Świat obiegła wiadomość, że nową twarzą Chanel Beauty został zmiennopłciowy model Teddy Quinlivan. Kojarzona z klasą i elegancją marka zatrudniła go po tym, jak ogłosił światu, że jest innej płci niż jest.
Jak przyznał na Instagramie Quinlivan, „odkrył, że nie płacze już, gdy dzieje się coś smutnego. Czyż nie jest to interesujące, że ronimy łzy w chwilach triumfu?”.
„To była dla mnie jedna z tych chwil triumfalnego płaczu” – ekscytował się zmiennopłciwiec po ogłoszeniu współpracy z Chanel.
„Całe moje życie było walką. Od ciągłego zastraszania w szkole, od dzieci, które groziły, że mnie zabiją i robiły szczegółowe grafiki, w jaki sposób to zrobią, przez mojego ojca, który mnie bił i wyzywał, po negatywną reakcję w branży po moim ujawnieniu napaści seksualnej. To zwycięstwo, które sprawiło, że to wszystko było tego warte” – żalił się.
Quinlivan od 2017 roku pracuje w modelingu, po tym jak dokonał „coming outu” jako transpłciowiec. Pracował m.in. dla Louis Vuitton, Gucci, Milk Makeup, Redken, Maison Margiela Fragrances i Chanel. Chodził także po wybiegach Tygodnia Mody oraz pojawiał się na okładkach magazynów takich jak Porter Magazine i L’Officiel.
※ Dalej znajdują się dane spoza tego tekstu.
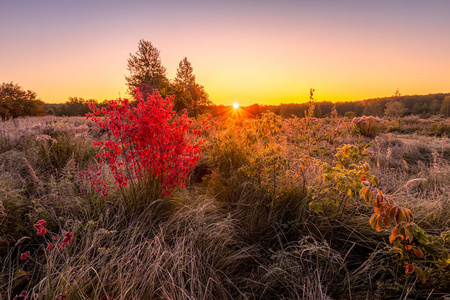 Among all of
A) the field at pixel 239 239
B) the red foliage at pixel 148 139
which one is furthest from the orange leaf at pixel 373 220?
the red foliage at pixel 148 139

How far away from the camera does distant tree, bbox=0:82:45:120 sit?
20.6m

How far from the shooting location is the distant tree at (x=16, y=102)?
2059 cm

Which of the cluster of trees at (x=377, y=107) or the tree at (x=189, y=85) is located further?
the cluster of trees at (x=377, y=107)

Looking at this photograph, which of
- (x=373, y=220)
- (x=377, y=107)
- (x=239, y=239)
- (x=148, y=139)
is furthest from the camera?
(x=377, y=107)

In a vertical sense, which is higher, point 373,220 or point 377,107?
point 377,107

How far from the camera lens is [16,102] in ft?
71.3

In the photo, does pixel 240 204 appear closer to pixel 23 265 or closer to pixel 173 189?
pixel 173 189

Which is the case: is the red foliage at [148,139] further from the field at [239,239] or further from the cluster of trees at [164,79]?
the cluster of trees at [164,79]

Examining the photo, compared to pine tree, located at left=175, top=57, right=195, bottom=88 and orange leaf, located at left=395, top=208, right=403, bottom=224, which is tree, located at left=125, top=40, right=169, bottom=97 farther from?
orange leaf, located at left=395, top=208, right=403, bottom=224

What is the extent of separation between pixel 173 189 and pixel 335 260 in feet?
6.86

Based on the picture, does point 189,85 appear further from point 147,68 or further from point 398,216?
point 398,216

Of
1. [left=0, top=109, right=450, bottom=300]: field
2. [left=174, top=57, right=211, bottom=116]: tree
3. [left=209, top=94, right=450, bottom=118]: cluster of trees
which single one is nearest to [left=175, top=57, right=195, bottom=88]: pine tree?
[left=174, top=57, right=211, bottom=116]: tree

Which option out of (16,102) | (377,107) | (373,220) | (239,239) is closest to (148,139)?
(239,239)

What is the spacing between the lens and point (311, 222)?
2.58 m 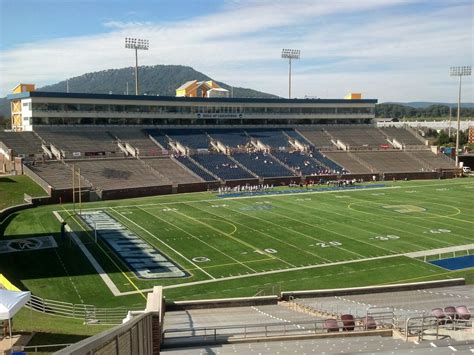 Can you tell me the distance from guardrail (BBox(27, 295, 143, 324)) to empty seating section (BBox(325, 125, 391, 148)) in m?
63.7

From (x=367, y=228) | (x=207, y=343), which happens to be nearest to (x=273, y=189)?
(x=367, y=228)

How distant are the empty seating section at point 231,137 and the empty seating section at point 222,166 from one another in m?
5.44

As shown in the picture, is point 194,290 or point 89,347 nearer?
point 89,347

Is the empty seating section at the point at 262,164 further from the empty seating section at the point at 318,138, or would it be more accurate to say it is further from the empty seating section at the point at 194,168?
the empty seating section at the point at 318,138

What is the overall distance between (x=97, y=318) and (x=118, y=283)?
5.57 metres

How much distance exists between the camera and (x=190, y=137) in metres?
73.1

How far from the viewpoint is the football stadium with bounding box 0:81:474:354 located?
46.0ft

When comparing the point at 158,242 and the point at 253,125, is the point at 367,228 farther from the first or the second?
the point at 253,125

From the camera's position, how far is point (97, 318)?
64.5 feet

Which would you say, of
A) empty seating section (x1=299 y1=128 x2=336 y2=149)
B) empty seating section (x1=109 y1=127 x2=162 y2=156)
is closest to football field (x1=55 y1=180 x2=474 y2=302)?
empty seating section (x1=109 y1=127 x2=162 y2=156)

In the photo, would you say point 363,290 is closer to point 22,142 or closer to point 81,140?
point 22,142

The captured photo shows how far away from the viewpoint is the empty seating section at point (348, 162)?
6957 centimetres

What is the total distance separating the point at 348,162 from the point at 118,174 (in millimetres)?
33542

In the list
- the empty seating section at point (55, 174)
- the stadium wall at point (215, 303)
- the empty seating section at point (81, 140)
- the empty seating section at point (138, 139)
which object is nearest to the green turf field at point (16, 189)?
the empty seating section at point (55, 174) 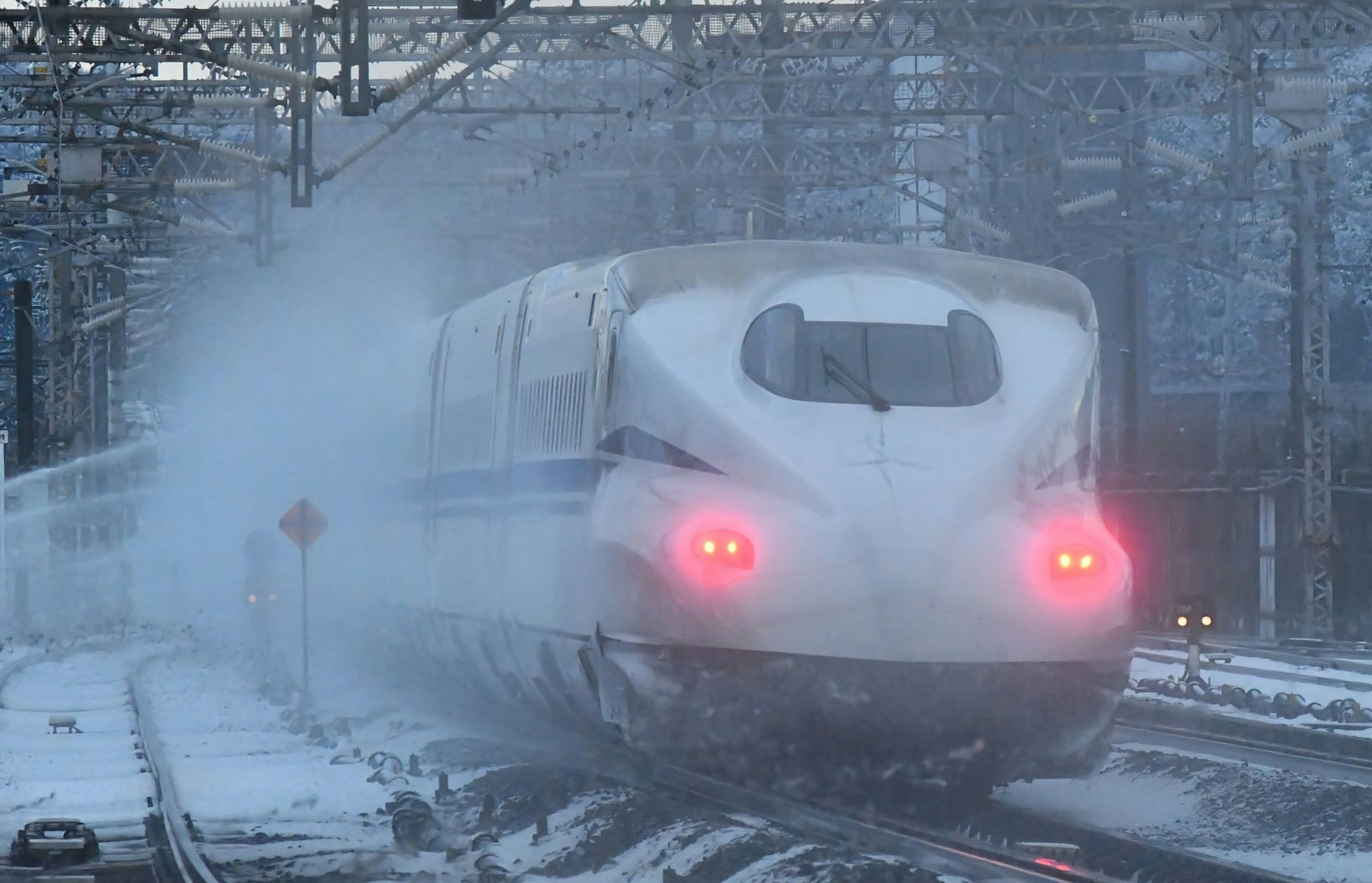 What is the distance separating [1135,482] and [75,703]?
70.4 feet

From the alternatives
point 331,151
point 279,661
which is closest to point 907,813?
point 279,661

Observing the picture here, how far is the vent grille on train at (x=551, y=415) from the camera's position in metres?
12.3

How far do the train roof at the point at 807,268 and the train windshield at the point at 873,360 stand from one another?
0.39m

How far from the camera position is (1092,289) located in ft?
166

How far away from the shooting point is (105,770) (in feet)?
51.8

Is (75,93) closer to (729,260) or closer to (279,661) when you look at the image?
(279,661)

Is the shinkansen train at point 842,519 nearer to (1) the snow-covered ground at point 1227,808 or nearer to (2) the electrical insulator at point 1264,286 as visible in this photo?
(1) the snow-covered ground at point 1227,808

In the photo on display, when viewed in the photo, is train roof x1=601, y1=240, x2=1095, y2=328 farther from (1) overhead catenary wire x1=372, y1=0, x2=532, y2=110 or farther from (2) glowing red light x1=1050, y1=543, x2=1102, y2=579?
(1) overhead catenary wire x1=372, y1=0, x2=532, y2=110

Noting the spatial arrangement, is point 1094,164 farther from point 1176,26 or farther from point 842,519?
point 842,519

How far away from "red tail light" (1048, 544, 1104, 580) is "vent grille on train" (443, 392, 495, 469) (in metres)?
5.30

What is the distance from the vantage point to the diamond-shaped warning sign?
63.2ft

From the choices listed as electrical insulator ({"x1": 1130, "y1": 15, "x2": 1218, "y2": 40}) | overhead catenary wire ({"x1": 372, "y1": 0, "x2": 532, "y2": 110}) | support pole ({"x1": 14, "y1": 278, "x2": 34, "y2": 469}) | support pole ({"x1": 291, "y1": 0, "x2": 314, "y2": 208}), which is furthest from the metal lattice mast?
support pole ({"x1": 14, "y1": 278, "x2": 34, "y2": 469})

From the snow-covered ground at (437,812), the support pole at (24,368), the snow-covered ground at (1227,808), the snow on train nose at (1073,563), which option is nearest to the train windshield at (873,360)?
the snow on train nose at (1073,563)

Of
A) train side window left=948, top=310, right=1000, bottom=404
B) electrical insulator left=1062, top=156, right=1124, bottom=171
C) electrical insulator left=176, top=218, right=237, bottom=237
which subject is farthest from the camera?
electrical insulator left=176, top=218, right=237, bottom=237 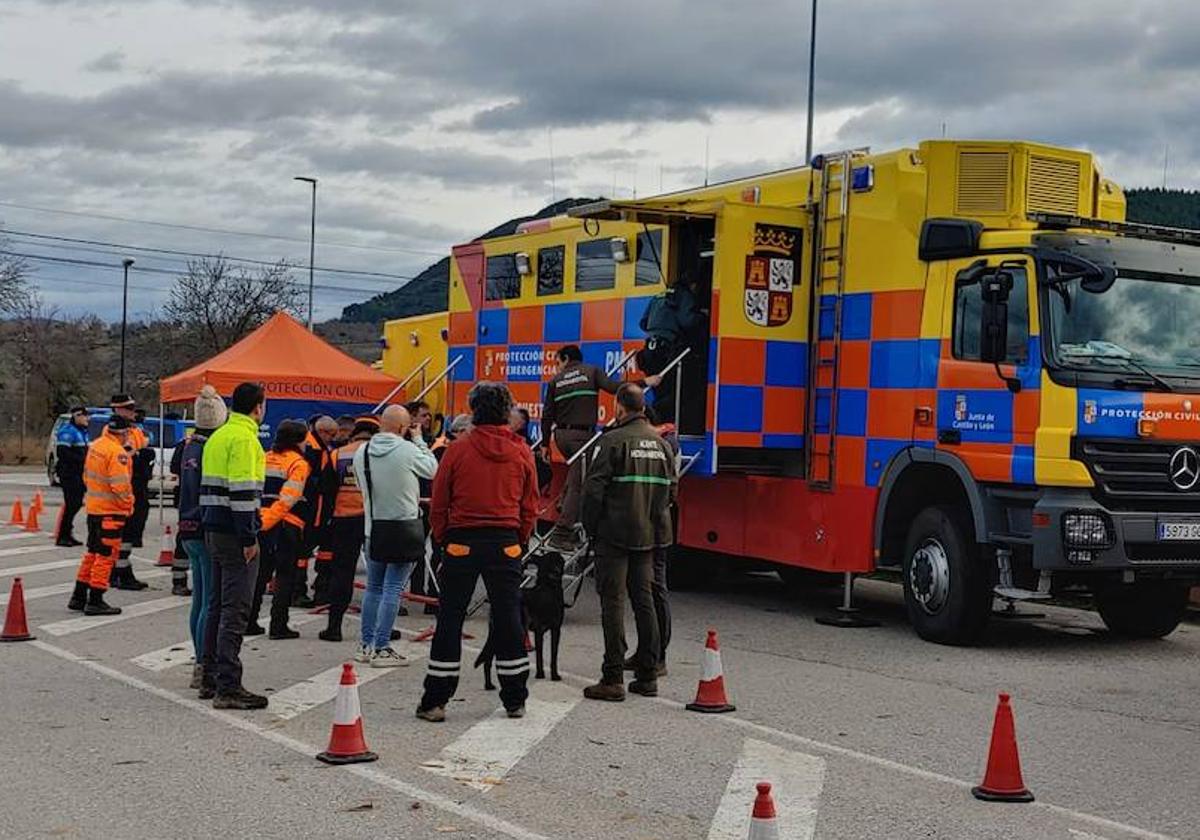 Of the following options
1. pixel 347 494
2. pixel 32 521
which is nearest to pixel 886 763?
pixel 347 494

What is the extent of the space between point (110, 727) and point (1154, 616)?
337 inches

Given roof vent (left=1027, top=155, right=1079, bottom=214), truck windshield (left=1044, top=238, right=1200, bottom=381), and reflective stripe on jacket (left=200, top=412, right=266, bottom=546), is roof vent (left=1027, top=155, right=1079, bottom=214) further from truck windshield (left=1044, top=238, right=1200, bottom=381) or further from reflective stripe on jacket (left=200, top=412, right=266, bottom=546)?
reflective stripe on jacket (left=200, top=412, right=266, bottom=546)

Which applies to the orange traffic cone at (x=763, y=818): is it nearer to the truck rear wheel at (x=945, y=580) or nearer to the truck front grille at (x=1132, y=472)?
the truck front grille at (x=1132, y=472)

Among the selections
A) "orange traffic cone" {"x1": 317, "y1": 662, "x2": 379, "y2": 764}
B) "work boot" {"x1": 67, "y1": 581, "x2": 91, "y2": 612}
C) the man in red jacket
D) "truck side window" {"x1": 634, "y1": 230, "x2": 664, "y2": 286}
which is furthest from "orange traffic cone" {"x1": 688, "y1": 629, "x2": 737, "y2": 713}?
"work boot" {"x1": 67, "y1": 581, "x2": 91, "y2": 612}

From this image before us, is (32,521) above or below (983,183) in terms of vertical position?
below

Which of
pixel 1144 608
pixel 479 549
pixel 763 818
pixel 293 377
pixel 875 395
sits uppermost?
pixel 293 377

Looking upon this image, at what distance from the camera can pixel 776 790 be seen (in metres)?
6.87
„Brałem udział w 2 programach dla Chanel, podczas gdy żyłem w ukryciu (wtedy nie ujawniłem jeszcze mojej tożsamości trans). Po ujawnieniu się wiedziałem, że przestanę pracować z niektórymi markami, myślałem, że już nigdy nie będę współpracować z domem mody Chanel” – stwierdził Quinlivan.
„Ale jestem w Chanel Beauty Advertising. Jestem pierwszą osobą otwarcie mówiącą o swojej transpłciowości, która pracuje dla Chanel, jestem zaszczycony i dumny, że mogę reprezentować moją społeczność” – dodał.
Nie jest to pierwszy przypadek zmiennopłciowca, który pracuje w branży modowej, czy kosmetycznej. Kilka tygodni temu bieliźniany gigant Victoria’s Secret ogłosił, że wynajął transpłciowego modela na swoje wybiegi. W 2016 roku magazyn Marie Claire był pierwszym czasopismem modowym, na którego okładce pojawił się transpłciowy model.